The scores are then fed into an application from Unica Corp. that develops recommendations for each customer, such as offering them a new credit card or home loan. Those, in turn, are loaded into applications from Siebel Systems Inc. used by the bank's tellers, call-center works, and other customer-facing employees and systems. The data warehouse is updated to reflect customer responses to the offers. Business-intelligence software from MicroStrategy Inc. is used to analyze customer scores and offers to see what's effective and what isn't.
Mendes' team is developing triggers for the data-warehouse system that can automatically respond to customer actions. A customer making a large deposit that boosts his account 20% or 30% above his regular balance might be offered a certificate of deposit or an investment opportunity, for example.
AT&T Wireless Services operates two data warehouses that together hold about 11 terabytes of customer-billing and call-detail records. The systems are used by some 4,000 employees and managers in customer service, finance, and sales and marketing for everything from fraud detection to calculating sales commissions to reporting the division's financial results.
With so much riding on the accuracy of the data, maintaining data integrity is critical. The processes and policies AT&T Wireless relies on to maintain data integrity earned the division The Data Warehouse Institute's award for data stewardship and data quality.
The data warehouses are an older Wisdom (wireless information system, decision enterprise management), which will be retired next year, and a new-generation EDW (enterprise data warehouse) that was built last year. Both are based on NCR Teradata hardware and software. Users extract data from the warehouse using reporting software from Business Objects SA and Web-based applications developed using Macromedia Inc.'s ColdFusion.
AT&T Wireless' data-integrity program, begun in 1999, emphasizes data stewardship and gives the users of the data warehouse ownership of the data within.
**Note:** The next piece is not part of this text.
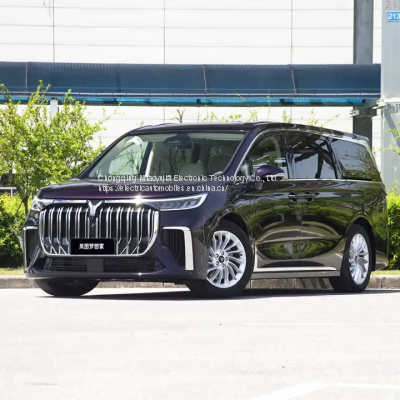 VOYAH Dreamer MPV 2022 Hot Sale Luxury EV MPV 7 Seats 4 Seats VOYAH Dreamer Mengxiangjia New Energy Vehicle Luxury Flagship photo-2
Designated representatives in marketing, for example, "own" data that pertains to distribution channels, which makes them responsible for the reference tables that define that data. Finance likewise is responsible for terms such as customer churn.
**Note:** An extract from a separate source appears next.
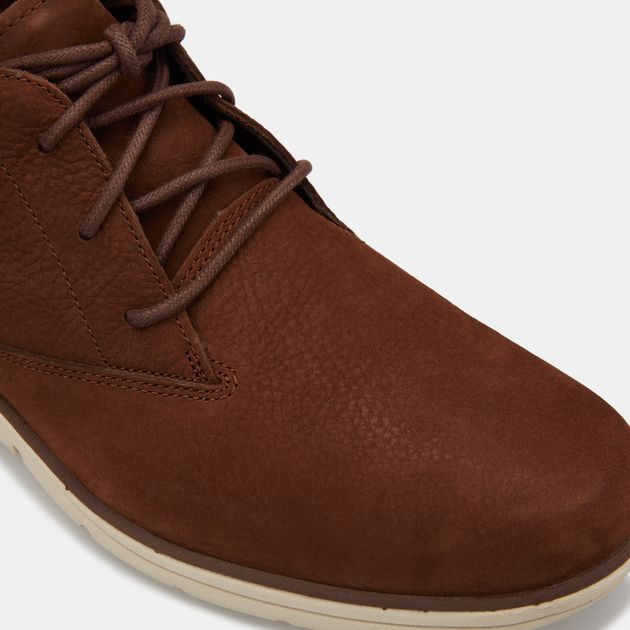 bradstreet plain toe chukka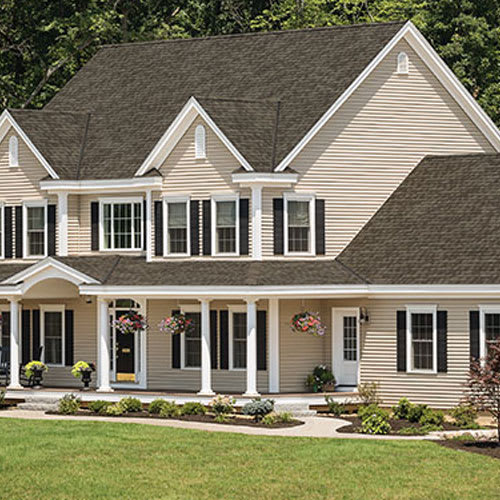 Bardeaux d’asphalte Cambridge bois de grange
"Users have to be able to make the best decisions with the best-quality data," says Deanne Larson, data warehouse program-management director. The goal of the data-integrity program is to assure users that the data is meaningful, useful, and provides value to the business, she says.
A rigorous change-control process ensures that changes in data definitions don't negatively affect other data. Proposed changes are simulated using test scripts developed with Teradata utilities to gauge their impact. Data-warehouse managers also conduct extensive audits in conjunction with users when adding a new data source to the system to be sure it will meet data-integrity standards and user needs. And AT&T Wireless has well-defined procedures for users to submit questions and feedback to the data-warehouse management team and processes for investigating those issues.